Ainsi elle devra ériger un certain nombre de règles en ce sens, auxquelles devront se plier les
animaleries de proximité qui souhaiteront travailler avec la plate-forme centrale.
   Dans le droit-fil de cette mission, CORATE devra constituer un centre de référence pour la
formation des personnels animaliers et des chercheurs qui expérimentent sur les animaux. Cette
formation concernera les procédures d'élevage, les procédures d'expérimentation, l'éthique de
l'expérimentation animale. On peut imaginer que les formations pourront se dérouler soit au
sein de la plate-forme CORATE elle-même, soit dans les animaleries de proximité, sous la
responsabilité de la plate-forme CORATE.
   Il est indispensable que la plate-forme CORATE maintienne en son sein une activité de
recherche pour plusieurs raisons. D'une part, une telle activité sera le garant, au sein du réseau,
de l'évolution des compétences en génétique expérimentale de la souris au meilleur niveau des
standards internationaux. D'autre part, cette activité sera propre à entretenir une émulation et
une motivation qui risqueraient de s'émousser à la longue dans une structure à vocation unique
de conservatoire de souches. Cette activité de recherche devra concerner le développement de
nouvelles méthodes de la génétique expérimentale de la souris, et il est évident qu'elle devra être
étroitement couplée à une activité de conseil et de formation auprès des laboratoires du réseau.
Il faut envisager que CORATE puisse aussi développer des recherches dans le cadre de grands
                                                                                                   3
programmes de recherche internationaux. Il serait souhaitable, dans ces conditions, que la
plate-forme offre des structures d'accueil temporaire pour des groupes de recherche impliqués
dans ces grands programmes.
  Il sera très important d'évaluer l'activité de recherche indépendamment de l'activité de service
de la plate-forme. Cette évaluation pourrait être conduite par les instances d'évaluation
scientifique du CIG.
  La plate-forme CORATE doit-elle être prestataire de services ? À mon avis la production de
modèles de souris transgéniques ou mutantes à façon ne devrait pas constituer une activité
systématique de la plate-forme centrale pour deux raisons. D'une part, la centralisation de ces
techniques aboutira très rapidement à une « stérilisation intellectuelle » des jeunes chercheurs
en formation qui utiliseront des modèles dont ils ne connaîtront pas les principes de création et
les origines. D'autre part, il est à craindre que la plate-forme soit très rapidement saturée par un
nombre inconsidéré de demandes. Je propose qu'une activité de service de ce genre soit
entretenue au sein du réseau des animaleries, incluant CORATE, uniquement pour les
laboratoires qui sont amenés à construire de façon très épisodique des nouveaux modèles
mutants. Il existe au sein du réseau plusieurs laboratoires et animaleries de proximité qui
maîtrisent parfaitement les techniques de transgénèse et de mutagénèse ciblée. Je proposerais
que CORATE assure une gestion centrale des demandes de service et qu'elle participe, avec
certaines animaleries de proximité qui en ont la compétence, à la réalisation des prestations.

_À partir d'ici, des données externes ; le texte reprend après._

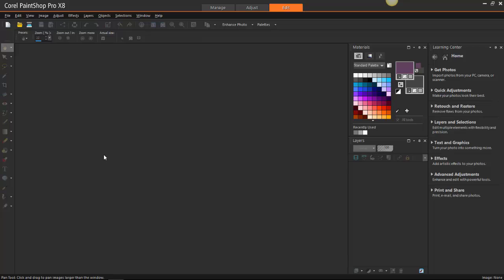Hey guys, I'm Jolie Simako with Southern Charm Reads, making beautiful reeds and teaching you how to make and sell them. In this video I want to show you how to use Corel PaintShop Pro's batch feature.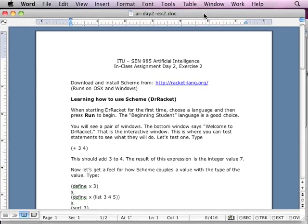This video is on the second assignment done in class, for the second day of the AI workshop. It's day two, assignment number two.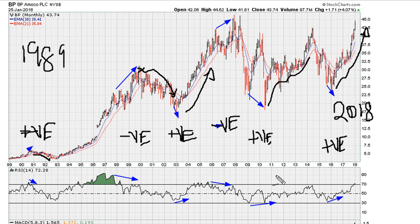So the moral of the story here: at major turns, either for bullish signals or for bearish signals, generally you're going to see evidence of positive and/or negative divergence. So we should always be on the lookout for those major signals when an instrument is looking to turn from a major drop or from a major rally.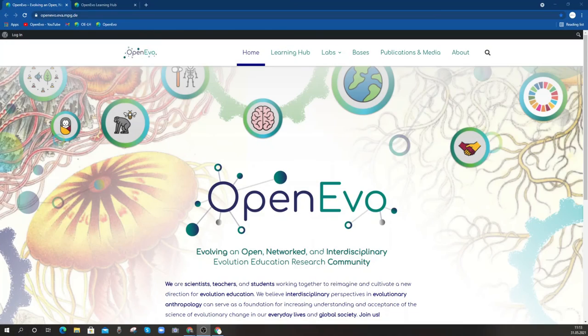Hello, everybody. I wanted to create a short video to introduce and orient you to the new digital infrastructure that we've been developing for the OpenEvo project. So let's dive in.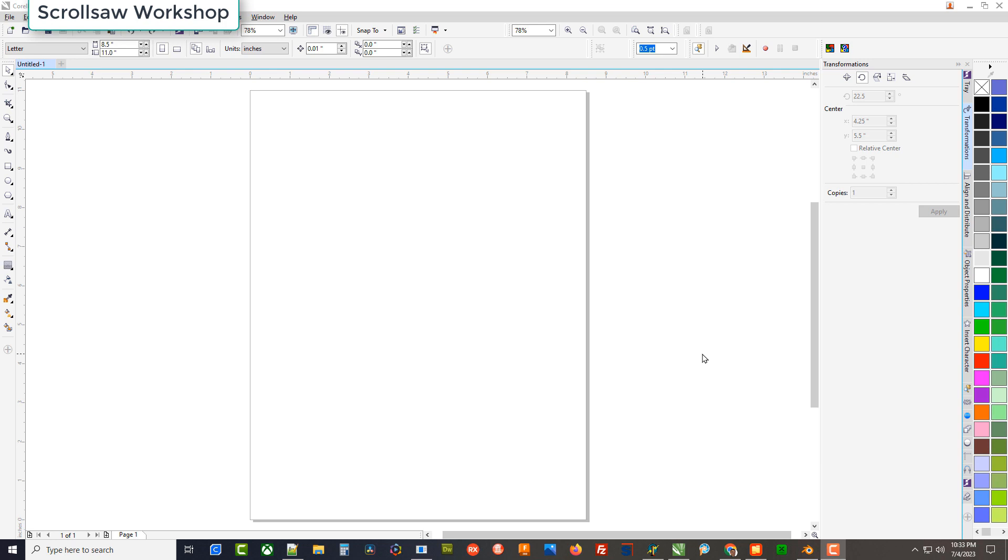Hey guys, Steve here with the scroll saw workshop. I'm going to do a little demonstration tonight.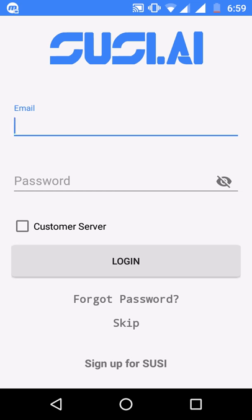Hi, I'm Chirag and this is the Suzy AI Android app. Suzy AI Android app is basically a personal assistant app which acts as an interface to interact with the Suzy AI server and get answers to your queries.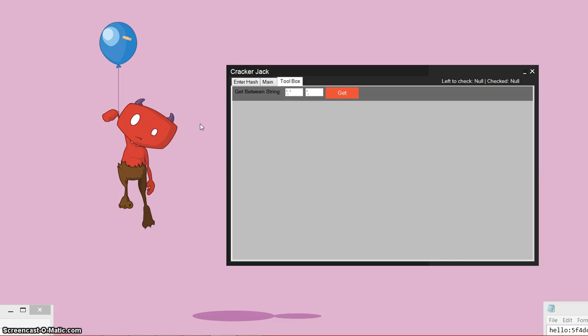Hey guys, this is Trinity from greyhatforms.com and I've made a new program called Crackerjack. What Crackerjack does is it cracks MD5 hashes.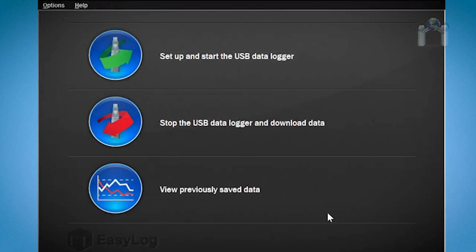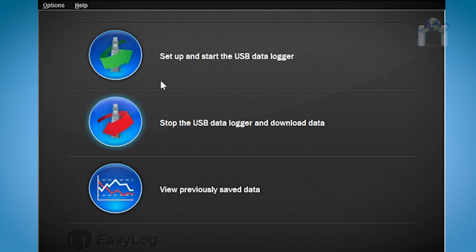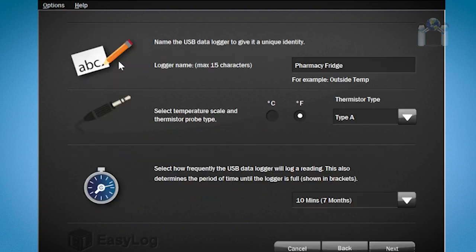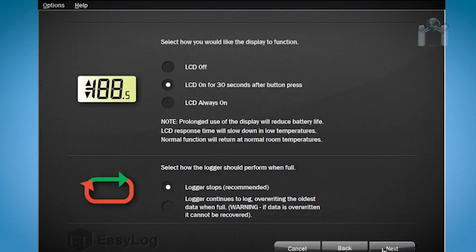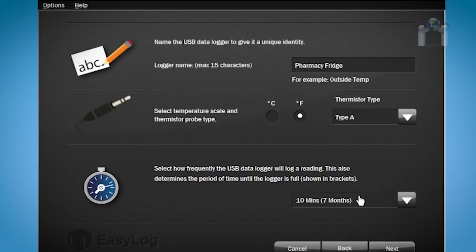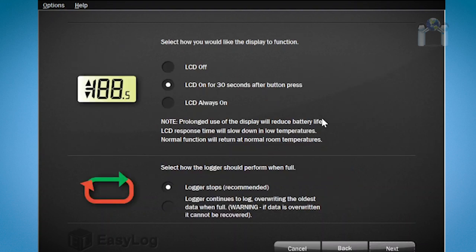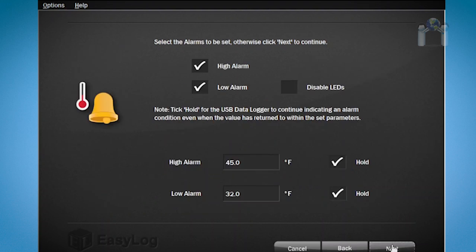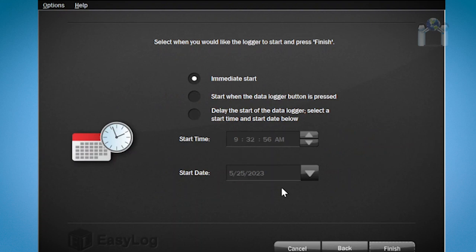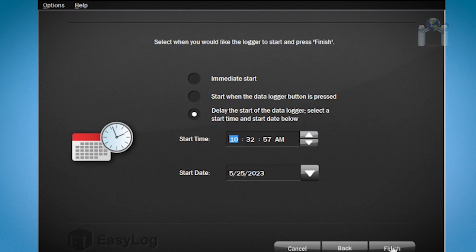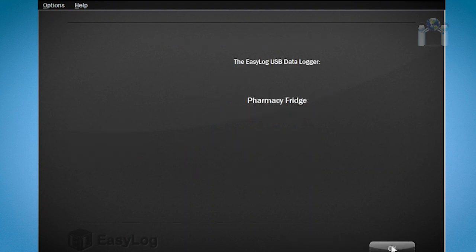After you have downloaded the data from your data logger it will need to be reprimed in order to use it again. Easy enough, just click on setup and start the USB data logger from the main menu and repeat the same procedure at the beginning of the video. You will need to go through the wizard again but all your previous selections will remain. If you have no changes to make simply keep clicking next until you reach the last screen. Again choose when you wish to start reading and then click finish. All set and your data logger is ready for a new reading session.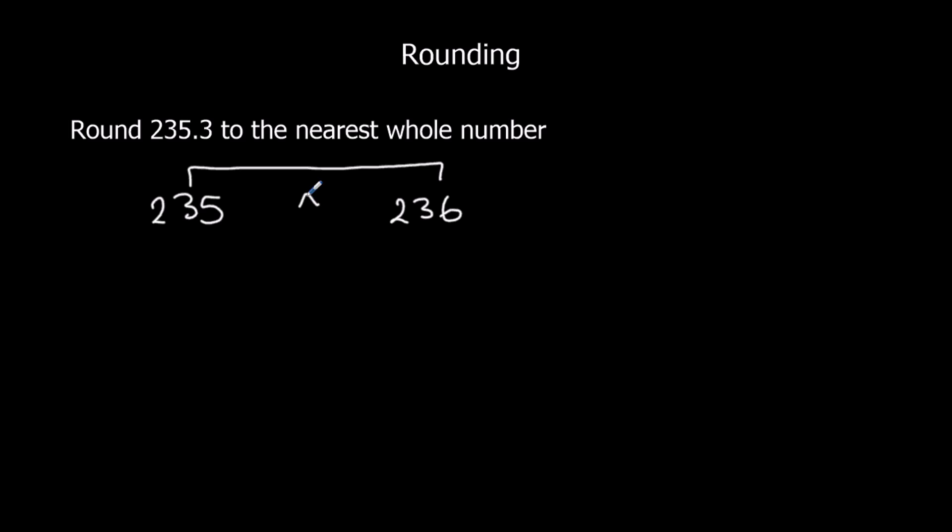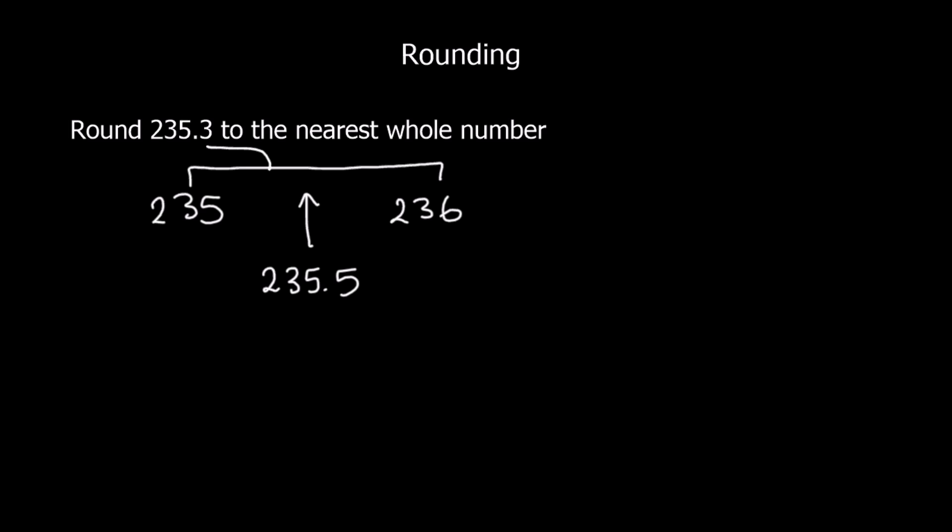Halfway in between is 235.5. So we are asking, is our number in this half or in this half? And because 3 is less than 5, it's in here. So to the nearest whole number, the answer is 235.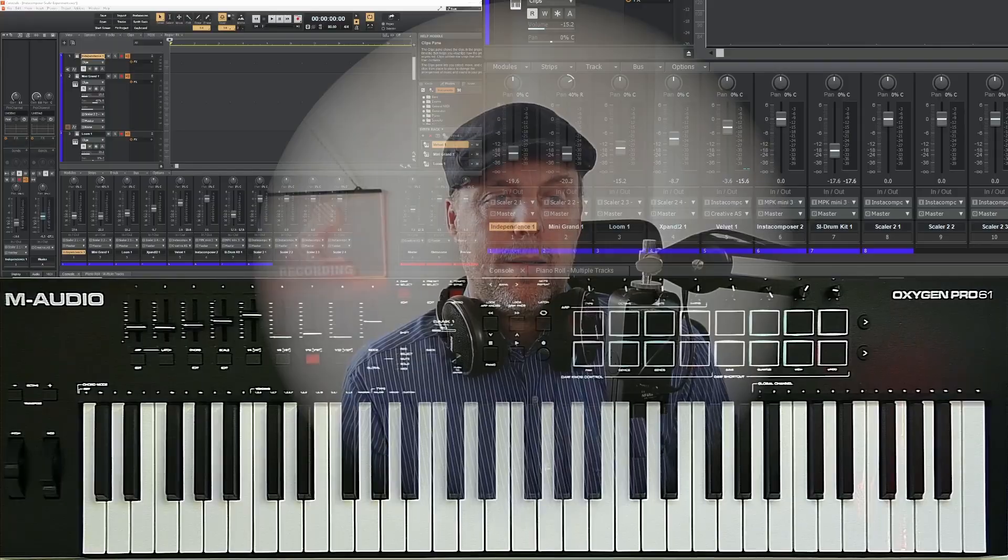Hello, this is Kai from KaiLab and I'm going to show you today in this video how you set up your M-Audio Oxygen Pro as a MIDI controller for Cakewalk.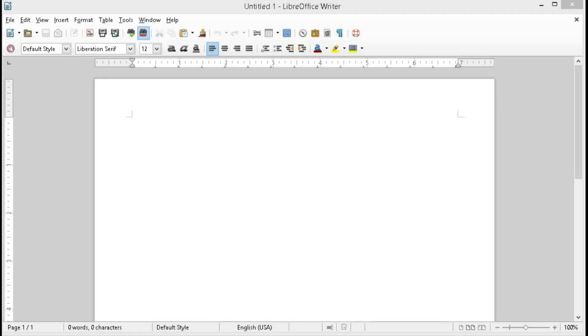One of the questions I hear a lot about LibreOffice is how to change the default font. Today I'm going to show you how you can do that in both LibreOffice Writer and LibreOffice Calc.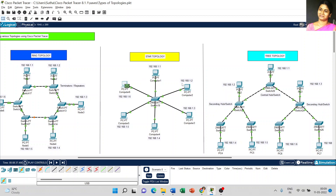The number of nodes equals the number of cables. And importantly, we have to use only one connecting device — the central hub. So: number of nodes = number of cables = only one central hub.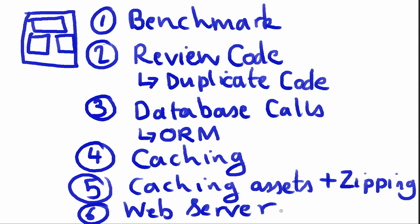So those are the sort of things you should be considering: benchmark, review code, review database calls, caching, caching assets and zipping assets, and your web server. So those are the important things and that's how you should go about answering this question.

Cette procédure aurait pour mérite de maintenir dans le réseau un savoir-faire conceptuel et
technique et d'assurer la construction des modèles animaux au plus près des laboratoires
demandeurs.
  La plate-forme CORATE comme gestionnaire central ? Compte tenu des différences de modes
de gestion entre établissements relevant de tutelles différentes (fédérale, cantonale) et de
cantons différents, il n'est pas réaliste d'envisager un système de gestion centralisée des
commandes et des marchés. Cependant la plate-forme devrait assurer une mission de gestion
des besoins en équipements et fournitures et de négociation de marchés au profit de l'ensemble
des animaleries du réseau.

 Quelle pertinence pour les animaleries de proximité ?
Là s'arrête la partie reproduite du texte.